You’ve already serialized a Python object to YAML before by abusing the built-in json
module, but the result wasn’t a canonical form of YAML. Now, you’ll take advantage of the installed third-party PyYAML library to fix this. There’s a corresponding yaml.safe_dump()
function, which takes a Python object and turns it into a string. You can feed it the output of yaml.safe_load()
in order to reverse the parsing process:
>>> yaml.safe_dump(yaml.safe_load(email_message))
#
# "message:\n attachments:\n image1.gif: !!binary |\n (...)

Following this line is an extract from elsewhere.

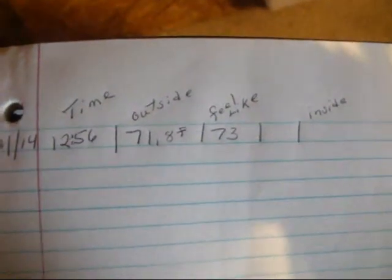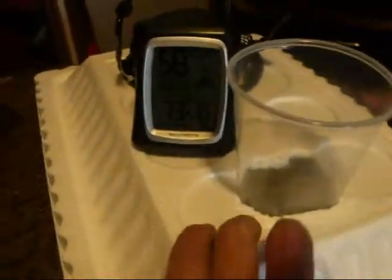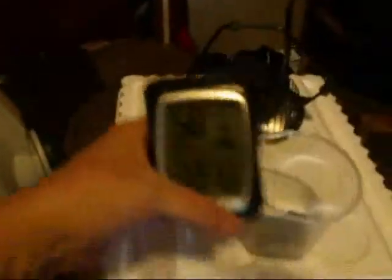Now it's an hour later — it's almost 1 o'clock. Outside it's 71°F, feels like 73. Inside, the humidity dropped to 58% and the temperature went up to 73. It only went up one degree, but the humidity went down. I've now changed the ice setup, adding a metal rack with the ice in bags, and I've got the fan next to it, which is making it feel much better in here. Just the humidity dropping makes it feel better.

print(yaml.safe_dump(yaml.safe_load(email_message)))
#
# message:
# attachments:
# image1.gif: !!binary |
# R0lGODdhCAAIAPAAAAIGAfr4+SwAAAAACAAIAAACDIyPeWCsClxDMsZ3CgA7
# cc:
# - jane.doe@domain.com
# content: 'Dear XYZ,
#
# Lorem ipsum dolor sit amet...
#
# '
# date: 2022-01-16 12:46:17+00:00
# from: john.doe@domain.com
# subject: Friendly reminder
# to:
# - bobby@domain.com
# - molly@domain.com
The result is a string object with your email message serialized to YAML again. However, it’s not quite the same YAML that you originally started with. As you can see, safe_dump()
sorted the dictionary keys for you, quoted the multiline strings, and used a slightly different indentation. You can change some of this and apply more tweaks to the formatting through several keyword arguments that you’ll explore in one of the upcoming sections.